** DATA TO EXAMINE follows **
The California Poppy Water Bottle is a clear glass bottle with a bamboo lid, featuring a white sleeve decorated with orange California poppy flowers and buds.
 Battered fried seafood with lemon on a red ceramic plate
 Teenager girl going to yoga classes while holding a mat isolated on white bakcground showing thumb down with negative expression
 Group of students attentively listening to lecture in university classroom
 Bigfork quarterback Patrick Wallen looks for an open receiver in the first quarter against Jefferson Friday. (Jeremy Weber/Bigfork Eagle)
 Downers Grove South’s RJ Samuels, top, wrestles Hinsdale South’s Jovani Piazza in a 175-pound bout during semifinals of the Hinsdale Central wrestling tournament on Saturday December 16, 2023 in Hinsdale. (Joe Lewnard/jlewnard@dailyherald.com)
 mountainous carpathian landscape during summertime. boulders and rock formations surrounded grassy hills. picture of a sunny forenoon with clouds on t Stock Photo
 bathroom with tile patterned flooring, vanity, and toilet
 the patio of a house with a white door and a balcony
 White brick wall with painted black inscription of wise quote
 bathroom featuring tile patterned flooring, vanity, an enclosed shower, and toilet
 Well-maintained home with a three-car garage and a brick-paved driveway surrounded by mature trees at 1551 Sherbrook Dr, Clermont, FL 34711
** End of DATA TO EXAMINE **
## WHAT YOU SHOULD DO
Look through the data above for the word "patterned". Report each line where it occurs.

## SOLUTION TO THIS PROBLEM
 bathroom with tile patterned flooring, vanity, and toilet
 bathroom featuring tile patterned flooring, vanity, an enclosed shower, and toilet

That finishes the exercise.